Through a photographer’s eye

Where: Latvia

Kristine Madjare is a Latvian photographer specialized in portraits, fashion and personal documentary stories. She takes us on a (visual) journey through places in the city, where she finds inspiration, friends and adventures.

Together with the expat blog & guide book Life in Riga they introduce us to a cross-cutting survey through heterogeneous aspects of the city of Riga.

The photographic city guide is constructed in a way that gives the reader a personal testimony on experiencing the Latvian capital. Places discussed are rooted in the Baltic mentality, interrelated with the photographer’s contemporary statements, in which one can trace traditional references to the vernacular culture of this region, where northern, eastern and central Europe meet.

The questions asked by travel writer Lelde Benke guide us to imagine and better understand the cityscape of Riga, the capital of a relatively small nation with a complicated history.

Local photographer Kristine Madjare draws within her answers a line of arguments helping to unpack the identity of Riga, a city whose shaping has been an ongoing process since the breakup of the Soviet Union 29 years ago.

Lelde Benke When you look back at the years you’ve spent in Riga, which place stands out in your memories and why?

Kristine Madjare Dzegužkalns Park is very close to where I lived for the first few years after moving to Riga from the small town of Skrunda. I spent so much time walking around and getting acquainted with the city and would often end up in the park. The central hill is Riga’s highest natural point, so you get beautiful views towards the city center from its peak. It takes a while to clamber up the steep stairs at the entrance to the park. The park is pretty humble but beautiful, especially in autumn, when the leaves turn golden and in spring when the first signs of green reappear. In snowy winters, it’s the best spot for tobogganing. Nowadays, I go there with my niece and nephew.

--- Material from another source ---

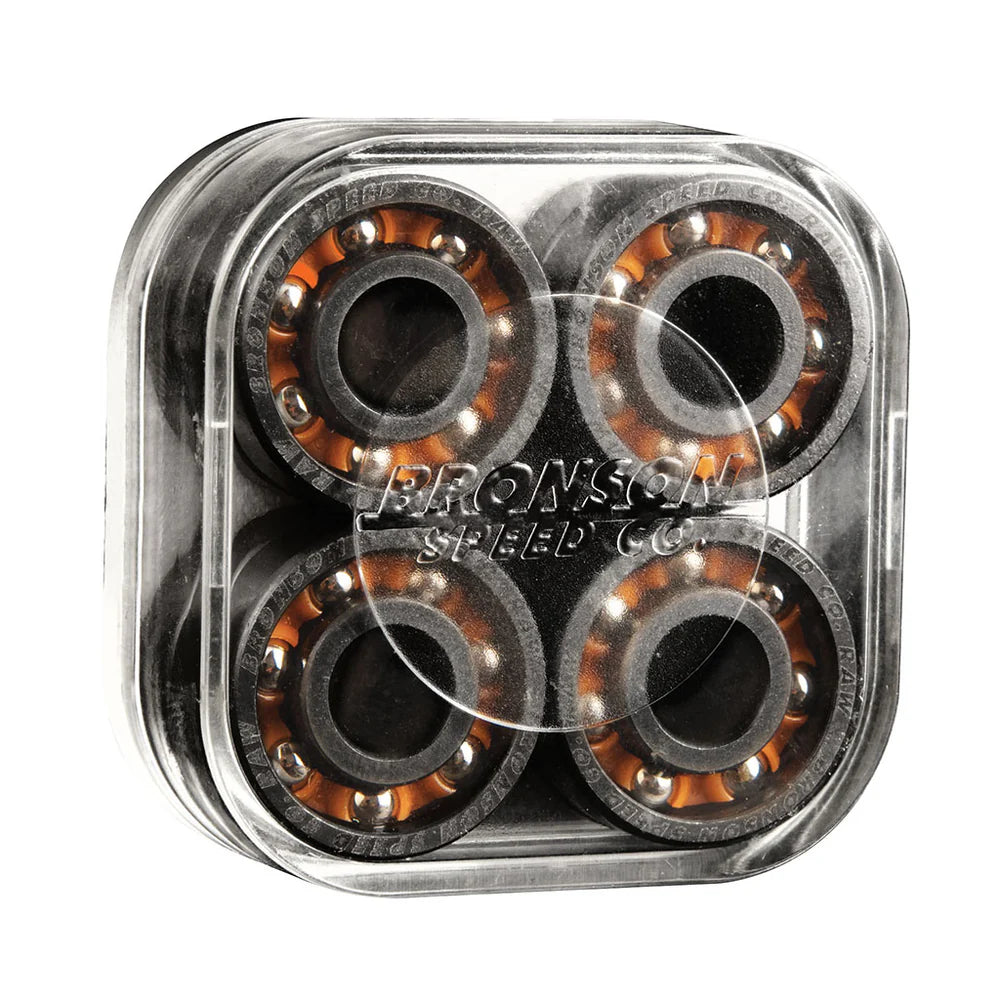 Four skateboard bearings in a clear plastic container with Bronson Speed Co branding.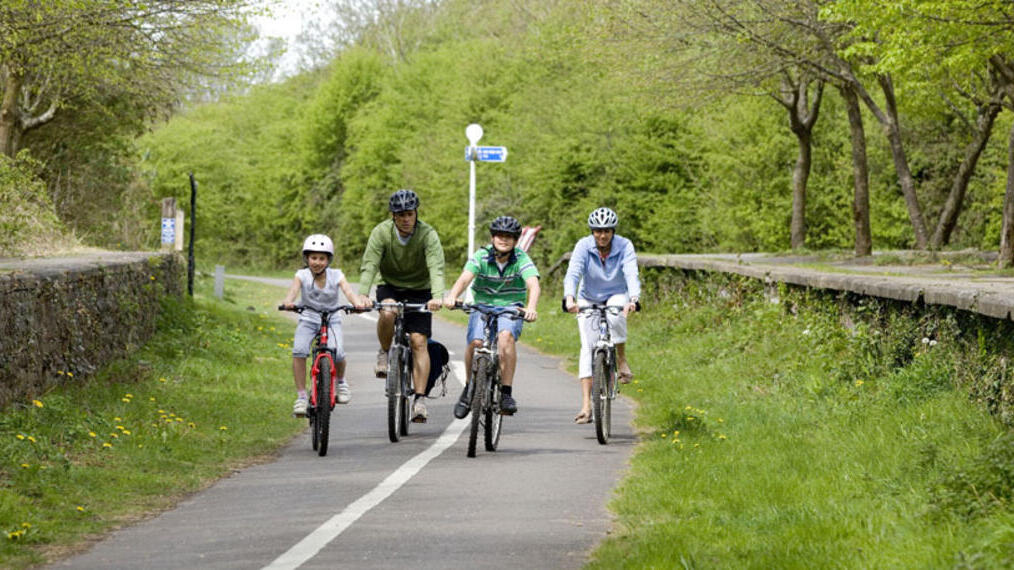 A group of people cycling along a path in Bristol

Local insight: the 23rd of June is a very special date to visit Dzegužkalns. As solstices still bear meaning to many Latvians, this is when we celebrate Midsummer. The celebrations at Dzegužkalns honor tradition with folklore, music and dance groups taking part. One of the most impressive moments is when the wheel of fire tumbles down the hill to light the big bonfire. It’s also a rare occasion to catch a glimpse of Latvian folk costumes.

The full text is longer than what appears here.